Headlines are meant to entice. They're the written word's equivalent of a come on: the lacy bra just peeking above the deep V-neck tee; the squib of skin that shows between jeans and tee when a guy bends over to tie his shoe. They may promise more than they're giving, but when you see them, you just have to go a little further.
Except on OS. On OS headlines are pedantic and witless, promising nothing.
I couldn't believe there were so many dreadful posts on the front page of OS today, so I made myself click through past the headlines. I was right: there aren't so many dreadful posts. Just dreadful headlines. And these weren't even the headlines the writer came up with.
My Gender-Bender, Victor/Victoria Cruise, a title which is short, pithy, and iconographic became "I was the straight woman on a gay cruise." In one swell foop the post morphed from a humorous memoir to a tiresome travel piece. Auntie Mame shapeshifted to Agnes Gooch.

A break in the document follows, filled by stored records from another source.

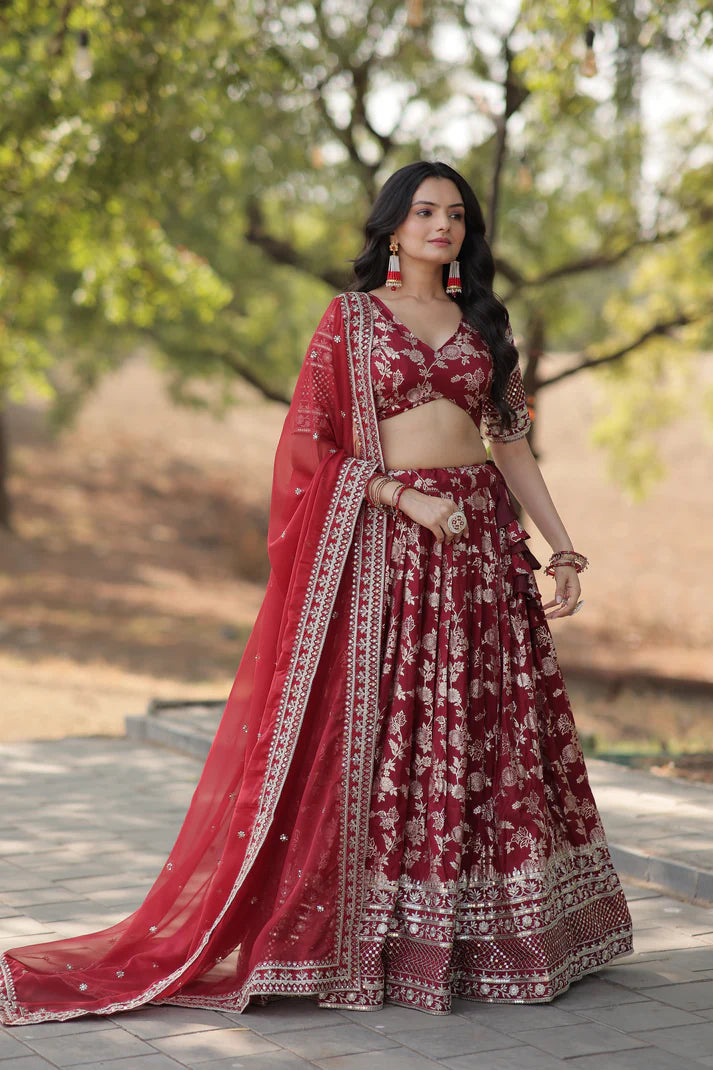 Designer Dyeable Pure Viscose Jacquard fabric Lehenga Choli & Dupatta Set(WD168) (01)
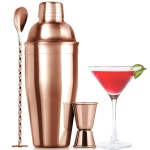 줄레이 칵테일 셰이커 세트 - 스테인리스 스틸 혼합 음료 셰이커 - 스트레인, 양면 지거 및 머들러 콤보 믹싱 스푼이 내장된 마티니 셰이커 세트... 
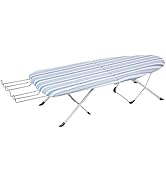 Honey-Can-Do Foldable Tabletop Ironing Board with Iron Rest, Blue Stripe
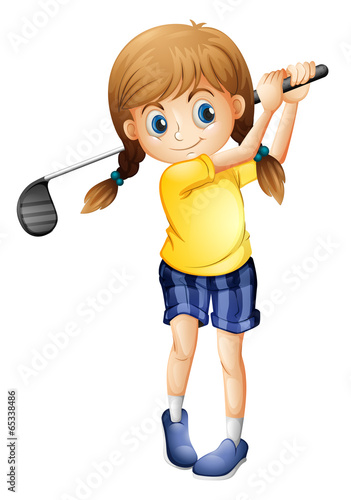 A sporty girl playing golf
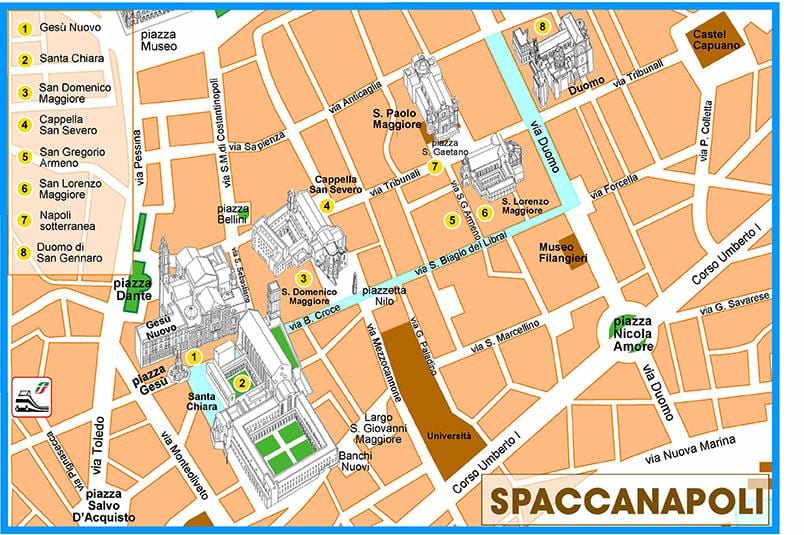 Χάρτης της spaccanapoli νάπολη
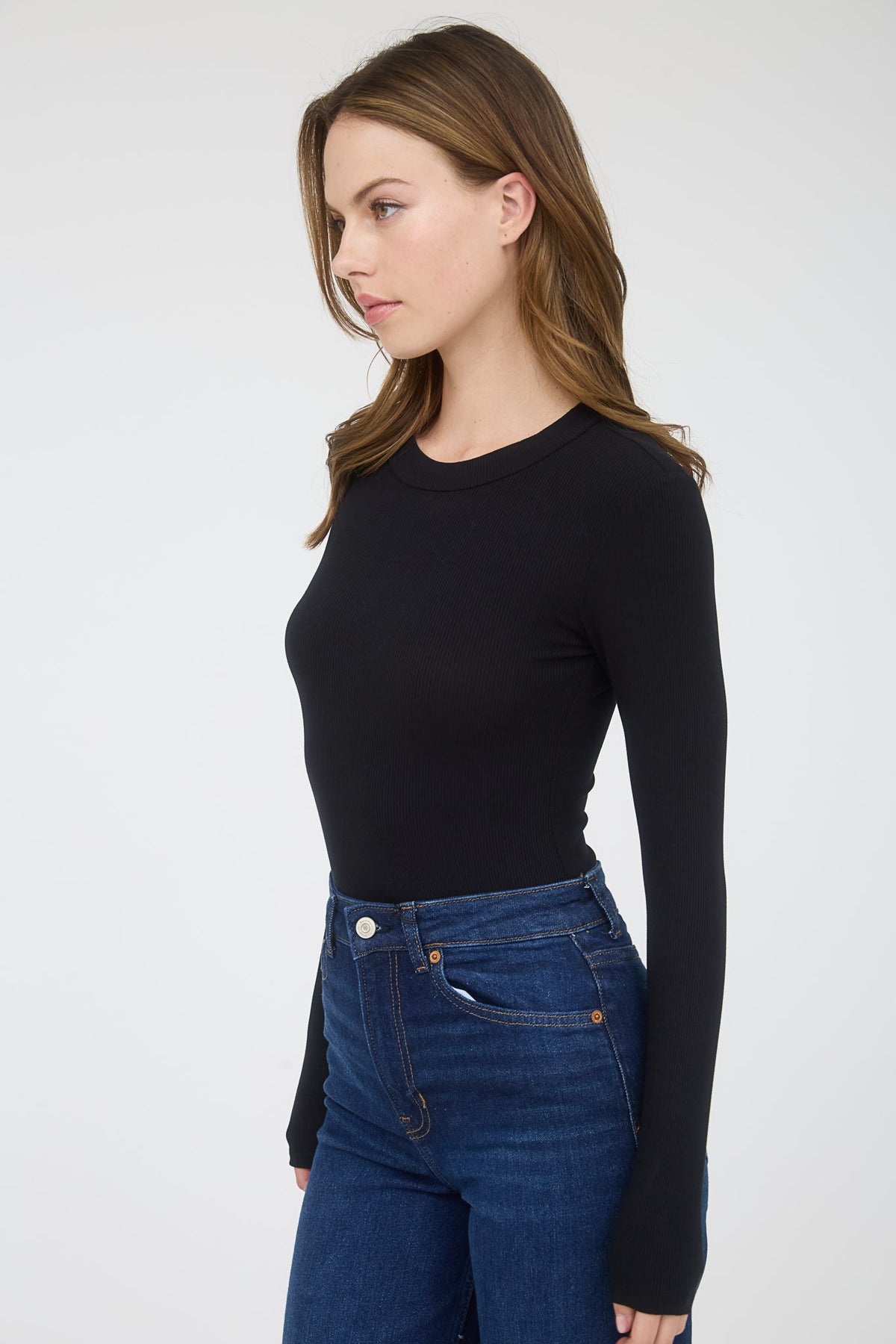 BS 015 - Round Neck Long Sleeve Bodysuit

The Gift of the Calculi is a clever way of introducing a story about both Christmas and kidney stones. It devolved to neither of those in the OS headline, My Flight From Hell.
How to Survive Spanish Service, which is a disquisition on tourism, cultural mores, and Spain, became I Dined And Dashed At A Spanish Restaurant.
In all three of these cases--and frankly I didn't have the heart to pursue my research further--there was absolutely no reason I could see for changing the headline. Someone, someone with a paucity of imagination or who is just plain tired, has sucked the juice out of the bloggers' own titles and rendered them--well, pedantic and witless. Could that someone please go elsewhere. Or take a nap.


Salon.com
Comments
I won't pretend to genius-level proficiency, but just as Journalism 101 (or even high school paper editors) students have to kern and fit to the columns, the online copy editor has a thankless task.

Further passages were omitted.